Tampoco lo es que se sintieran incómodos con Álvaro Uribe; el liderazgo del presidente Uribe fue lo suficientemente poderoso atravesar transversalmente toda la sociedad, incluyendo sus feudos, lo cual les redujo su poder de negociación con el ejecutivo en el ejercicio de su labor legislativa y los hizo sentir inseguros en sus pequeños reinos, pues su clientela había establecido un vínculo de índole diferente y más fuerte con un líder superior. 

 
Eso explica el trasbordo ideológico de casi todos los congresistas de la U y la vehemencia con que defienden hoy al presidente Santos.

 
En vista de la transformación que vivió Colombia durante el primer gobierno de Uribe, varios congresistas decidieron aglutinar sus feudos bajo un paraguas que los identificara con esa ideología y esas políticas públicas. 

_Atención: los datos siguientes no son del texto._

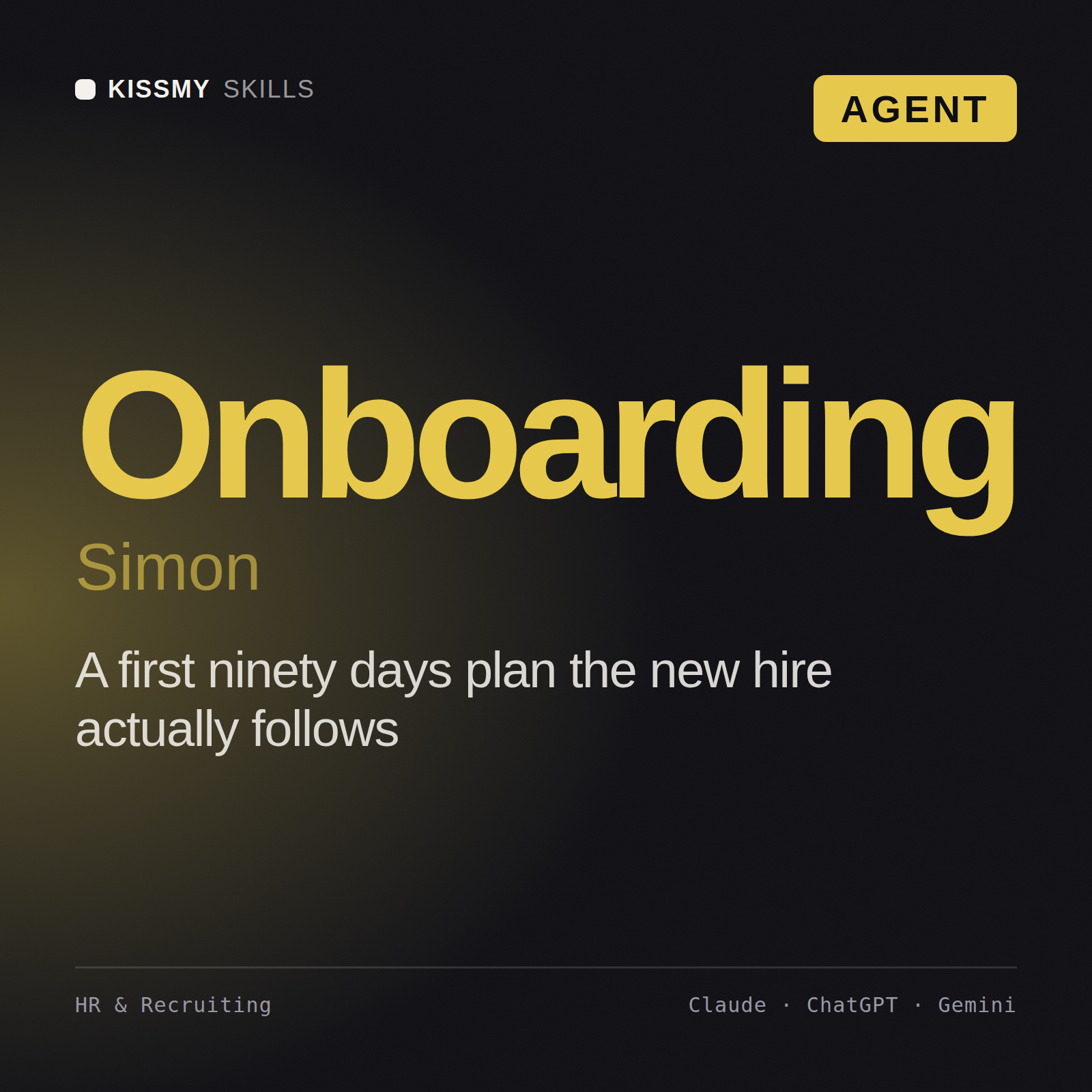 Onboarding, Simon AI agent by KissMySkills, cover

Pero además, necesitaban una identidad directa con su artífice, por eso al partido lo llamaron de la U, o sea de Uribe. Por primera vez el clientelismo necesitaba un cuerpo de doctrina ajeno del cual apropiarse para garantizar el éxito electoral. Lo que no imaginaron es que en este gobierno se verían avocados a decidir entre esas ideas de las cuales se habían apropiado y los halagos del presidente que imponía las tesis opuestas. Escogieron lo último, y con ello hirieron de muerte a un partido que en sus bases hizo la escogencia contraria.

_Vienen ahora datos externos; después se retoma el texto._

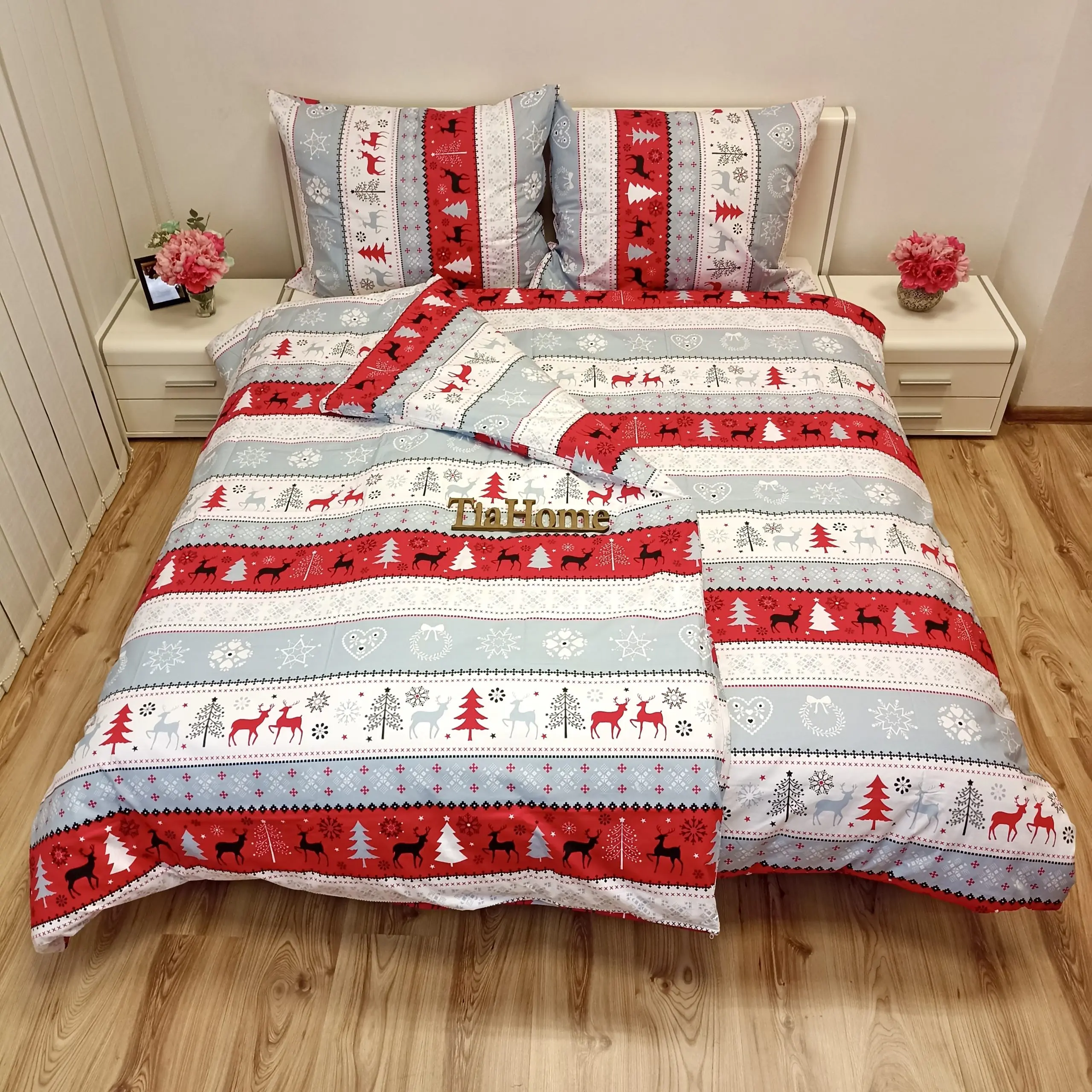 Povlečení bavlněné Vánoční Snowman červené TiaHome - 1x Polštář 90x70cm, 1x Přikrývka 140x200cm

Hoy el presidente Uribe tiene la oportunidad y el deber histórico de renovar el congreso de la república y restaurarlo como una verdadera rama del poder público. 

 
Las ideas que transformaron este país no pueden seguir sirviendo para elegir a quienes gobiernan y legislan contra ellas. Estoy seguro que el presidente acudirá a esa cita con la historia y fundara un nuevo partido incluyente de centro democrático que presente a consideración de los colombianos una lista al senado encabezada por él y unas listas a cámara compuestas por ciudadanos verdaderamente comprometidos con sus ideas y de los que no haya ni la menor duda de su comportamiento ejemplar. 

 
El fervor que despertará esta campaña renovadora asegurará el control de la mitad del congreso y apalancara el triunfo del candidato a la presidencia. Logrado esto, habremos dado un salto cuántico en nuestra democracia, quedaremos a la par de democracias como la de Estados Unidos, o la española, donde los partidos representados en el congreso están guiados por una doctrina ideológica, a la cual esta también subordinado el presidente de la república. No hacerlo, nos expondría a graves peligros, pues los padres de la patria de hoy, no tendrían inconveniente en mudar su piel ideológica de nuevo, para recibir mañana los halagos de los petrodólares chavistas.